# Stored items from a collection:
┌──
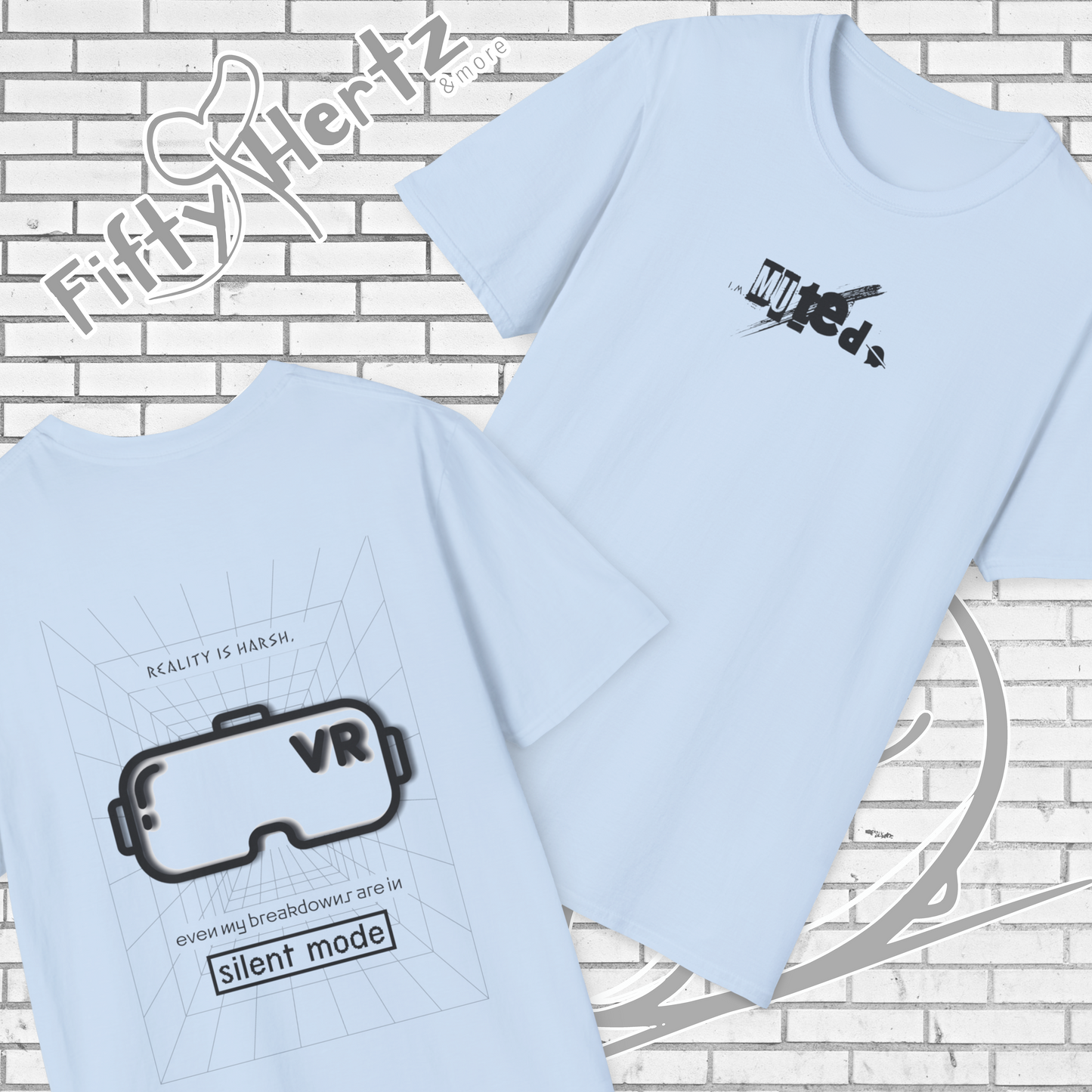 Virtual Reality (Light) Unisex T-shirt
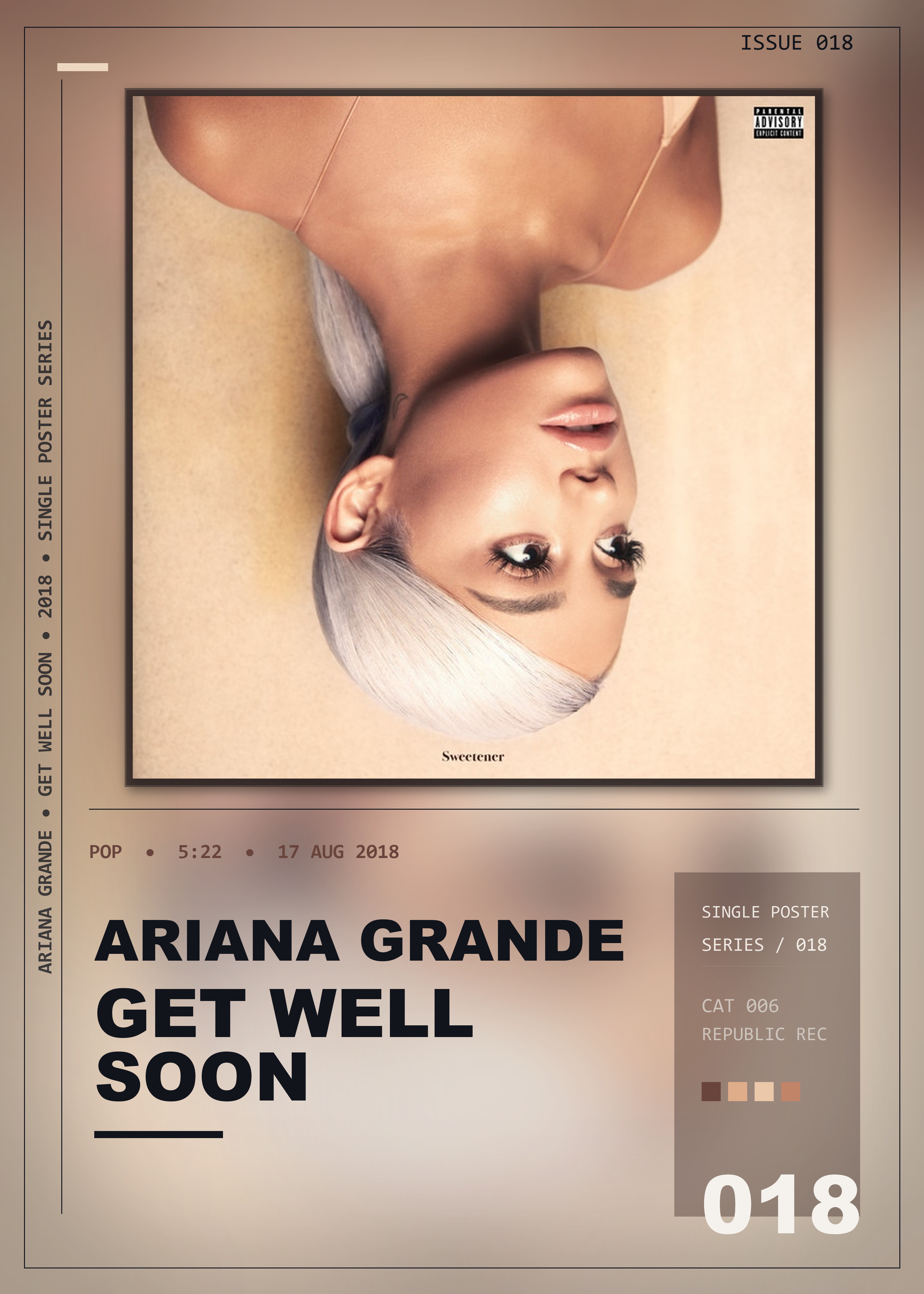 Music poster: Ariana Grande - get well soon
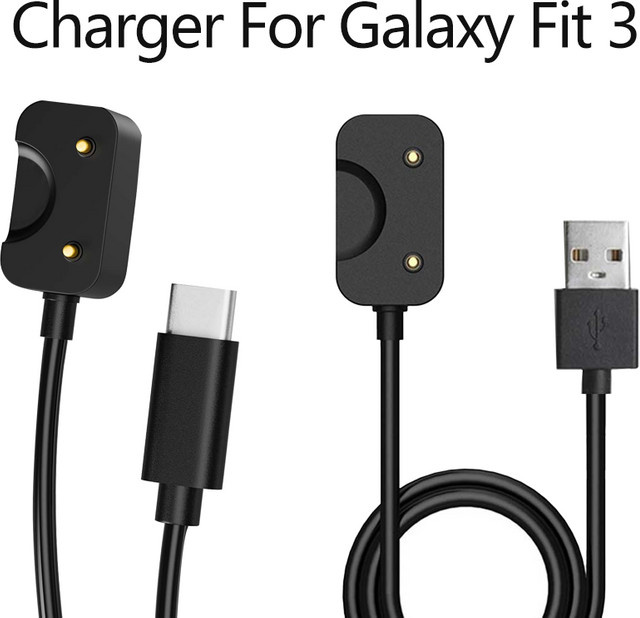 Samsung Ladegerät USB-C, Schwarz, für Galaxy Fit 3 SM-R390 - Bild 1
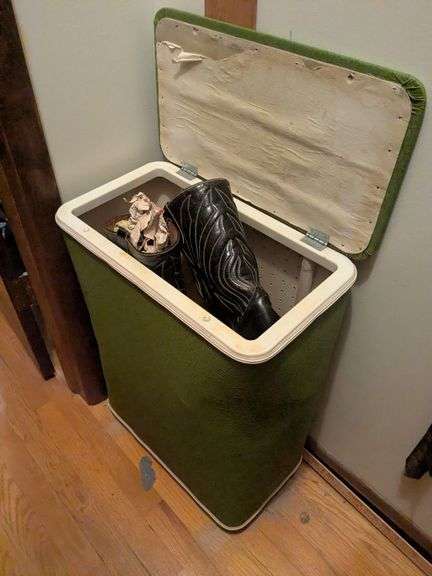 Cowboy boots laundry hamper image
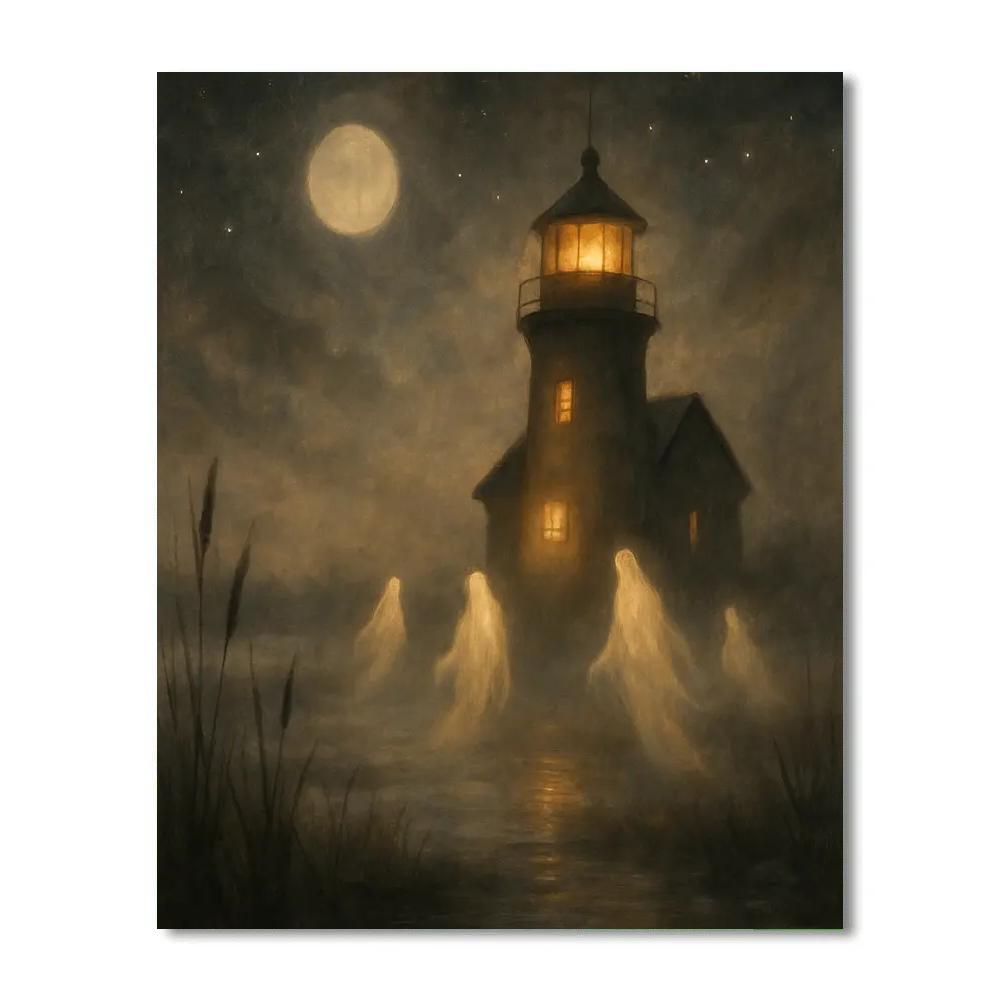 Spectral Lighthouse Marsh painting number kit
└──
# ASSIGNED TASK:
Starting with the line that contains "Music poster: Ariana Grande - get well soon", print every line through the end of the data exactly as written; omit all pictures and add nothing else.

# OUTPUT OF THE EXERCISE:
 Music poster: Ariana Grande - get well soon
 Samsung Ladegerät USB-C, Schwarz, für Galaxy Fit 3 SM-R390 - Bild 1
 Cowboy boots laundry hamper image
 Spectral Lighthouse Marsh painting number kit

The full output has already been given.